#### [TASK STATEMENT]
Each line from the first down to the one containing "Venüs Siyah Nubuk" should be returned exactly as it appears below.

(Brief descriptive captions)
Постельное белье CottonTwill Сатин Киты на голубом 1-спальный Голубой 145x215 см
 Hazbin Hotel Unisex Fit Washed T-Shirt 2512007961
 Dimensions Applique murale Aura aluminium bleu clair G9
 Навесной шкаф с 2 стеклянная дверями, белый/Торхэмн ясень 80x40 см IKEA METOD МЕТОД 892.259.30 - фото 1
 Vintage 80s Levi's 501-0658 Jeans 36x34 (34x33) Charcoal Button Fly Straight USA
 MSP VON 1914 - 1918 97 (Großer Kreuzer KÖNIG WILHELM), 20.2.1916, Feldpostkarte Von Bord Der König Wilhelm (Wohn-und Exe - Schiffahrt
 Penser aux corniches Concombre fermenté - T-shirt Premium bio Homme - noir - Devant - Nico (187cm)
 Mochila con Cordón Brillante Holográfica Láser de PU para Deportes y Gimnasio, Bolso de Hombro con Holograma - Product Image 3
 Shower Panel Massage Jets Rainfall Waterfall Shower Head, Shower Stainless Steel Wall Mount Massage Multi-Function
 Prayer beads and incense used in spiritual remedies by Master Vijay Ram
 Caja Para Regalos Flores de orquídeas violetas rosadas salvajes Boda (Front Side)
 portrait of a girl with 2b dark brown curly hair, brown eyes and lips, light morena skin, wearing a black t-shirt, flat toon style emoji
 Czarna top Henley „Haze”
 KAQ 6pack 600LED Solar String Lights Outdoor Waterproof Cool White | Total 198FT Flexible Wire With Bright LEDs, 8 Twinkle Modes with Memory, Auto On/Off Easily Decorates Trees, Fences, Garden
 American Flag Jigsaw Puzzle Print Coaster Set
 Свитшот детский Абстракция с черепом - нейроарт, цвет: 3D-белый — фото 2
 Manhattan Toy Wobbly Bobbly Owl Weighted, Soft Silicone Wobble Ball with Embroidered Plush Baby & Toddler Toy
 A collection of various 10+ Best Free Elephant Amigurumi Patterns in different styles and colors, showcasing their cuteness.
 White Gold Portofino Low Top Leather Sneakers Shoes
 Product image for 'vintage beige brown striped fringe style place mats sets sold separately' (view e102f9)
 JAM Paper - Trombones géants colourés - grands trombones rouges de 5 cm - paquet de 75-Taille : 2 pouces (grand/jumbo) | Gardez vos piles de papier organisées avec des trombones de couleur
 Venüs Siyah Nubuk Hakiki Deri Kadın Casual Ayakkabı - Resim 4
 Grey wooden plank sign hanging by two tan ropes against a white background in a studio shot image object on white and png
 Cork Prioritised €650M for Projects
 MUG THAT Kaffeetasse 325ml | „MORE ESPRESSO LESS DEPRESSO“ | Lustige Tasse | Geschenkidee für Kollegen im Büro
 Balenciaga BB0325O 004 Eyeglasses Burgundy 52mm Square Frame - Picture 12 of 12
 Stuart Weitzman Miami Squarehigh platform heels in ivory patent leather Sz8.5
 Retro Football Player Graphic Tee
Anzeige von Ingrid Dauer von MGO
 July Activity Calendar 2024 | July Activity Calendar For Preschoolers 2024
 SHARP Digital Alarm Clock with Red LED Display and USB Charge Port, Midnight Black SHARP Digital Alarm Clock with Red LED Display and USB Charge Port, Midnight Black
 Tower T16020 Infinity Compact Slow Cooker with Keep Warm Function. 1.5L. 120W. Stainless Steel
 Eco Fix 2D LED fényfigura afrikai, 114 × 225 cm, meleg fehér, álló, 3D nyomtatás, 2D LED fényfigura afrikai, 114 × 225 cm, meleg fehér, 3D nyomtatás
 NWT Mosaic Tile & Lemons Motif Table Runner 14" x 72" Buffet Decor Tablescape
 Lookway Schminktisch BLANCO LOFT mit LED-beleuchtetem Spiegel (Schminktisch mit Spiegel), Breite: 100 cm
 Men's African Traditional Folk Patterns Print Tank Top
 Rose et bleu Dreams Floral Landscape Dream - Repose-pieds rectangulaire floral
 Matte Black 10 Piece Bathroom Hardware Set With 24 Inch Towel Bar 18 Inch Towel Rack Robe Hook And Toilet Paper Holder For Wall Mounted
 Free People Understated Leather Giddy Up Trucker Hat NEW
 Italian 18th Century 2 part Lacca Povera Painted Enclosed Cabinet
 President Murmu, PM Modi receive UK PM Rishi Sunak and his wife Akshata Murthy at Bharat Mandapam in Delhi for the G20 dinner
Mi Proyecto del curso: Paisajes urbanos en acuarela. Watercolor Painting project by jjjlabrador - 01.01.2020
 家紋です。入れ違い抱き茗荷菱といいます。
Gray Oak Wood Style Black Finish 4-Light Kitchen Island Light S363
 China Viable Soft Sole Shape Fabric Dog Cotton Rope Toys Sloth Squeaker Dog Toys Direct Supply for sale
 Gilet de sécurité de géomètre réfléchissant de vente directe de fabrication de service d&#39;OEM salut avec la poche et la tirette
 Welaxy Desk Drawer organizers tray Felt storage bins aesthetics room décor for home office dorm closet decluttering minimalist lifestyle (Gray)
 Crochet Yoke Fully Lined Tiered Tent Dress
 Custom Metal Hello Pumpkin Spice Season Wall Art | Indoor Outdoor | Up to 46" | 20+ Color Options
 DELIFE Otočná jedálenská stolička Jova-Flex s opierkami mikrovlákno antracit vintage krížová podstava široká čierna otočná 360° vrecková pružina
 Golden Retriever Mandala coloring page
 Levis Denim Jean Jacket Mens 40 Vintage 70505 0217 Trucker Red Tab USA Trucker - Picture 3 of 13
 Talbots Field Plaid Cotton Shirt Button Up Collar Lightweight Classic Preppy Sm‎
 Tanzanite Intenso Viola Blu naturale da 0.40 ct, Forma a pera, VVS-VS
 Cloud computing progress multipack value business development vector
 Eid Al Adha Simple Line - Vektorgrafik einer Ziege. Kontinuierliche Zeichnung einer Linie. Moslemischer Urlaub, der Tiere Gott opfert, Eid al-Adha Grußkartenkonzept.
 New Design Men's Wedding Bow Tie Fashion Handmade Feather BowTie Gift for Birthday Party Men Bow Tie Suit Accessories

#### [RESULT BELOW]
Постельное белье CottonTwill Сатин Киты на голубом 1-спальный Голубой 145x215 см
 Hazbin Hotel Unisex Fit Washed T-Shirt 2512007961
 Dimensions Applique murale Aura aluminium bleu clair G9
 Навесной шкаф с 2 стеклянная дверями, белый/Торхэмн ясень 80x40 см IKEA METOD МЕТОД 892.259.30 - фото 1
 Vintage 80s Levi's 501-0658 Jeans 36x34 (34x33) Charcoal Button Fly Straight USA
 MSP VON 1914 - 1918 97 (Großer Kreuzer KÖNIG WILHELM), 20.2.1916, Feldpostkarte Von Bord Der König Wilhelm (Wohn-und Exe - Schiffahrt
 Penser aux corniches Concombre fermenté - T-shirt Premium bio Homme - noir - Devant - Nico (187cm)
 Mochila con Cordón Brillante Holográfica Láser de PU para Deportes y Gimnasio, Bolso de Hombro con Holograma - Product Image 3
 Shower Panel Massage Jets Rainfall Waterfall Shower Head, Shower Stainless Steel Wall Mount Massage Multi-Function
 Prayer beads and incense used in spiritual remedies by Master Vijay Ram
 Caja Para Regalos Flores de orquídeas violetas rosadas salvajes Boda (Front Side)
 portrait of a girl with 2b dark brown curly hair, brown eyes and lips, light morena skin, wearing a black t-shirt, flat toon style emoji
 Czarna top Henley „Haze”
 KAQ 6pack 600LED Solar String Lights Outdoor Waterproof Cool White | Total 198FT Flexible Wire With Bright LEDs, 8 Twinkle Modes with Memory, Auto On/Off Easily Decorates Trees, Fences, Garden
 American Flag Jigsaw Puzzle Print Coaster Set
 Свитшот детский Абстракция с черепом - нейроарт, цвет: 3D-белый — фото 2
 Manhattan Toy Wobbly Bobbly Owl Weighted, Soft Silicone Wobble Ball with Embroidered Plush Baby & Toddler Toy
 A collection of various 10+ Best Free Elephant Amigurumi Patterns in different styles and colors, showcasing their cuteness.
 White Gold Portofino Low Top Leather Sneakers Shoes
 Product image for 'vintage beige brown striped fringe style place mats sets sold separately' (view e102f9)
 JAM Paper - Trombones géants colourés - grands trombones rouges de 5 cm - paquet de 75-Taille : 2 pouces (grand/jumbo) | Gardez vos piles de papier organisées avec des trombones de couleur
 Venüs Siyah Nubuk Hakiki Deri Kadın Casual Ayakkabı - Resim 4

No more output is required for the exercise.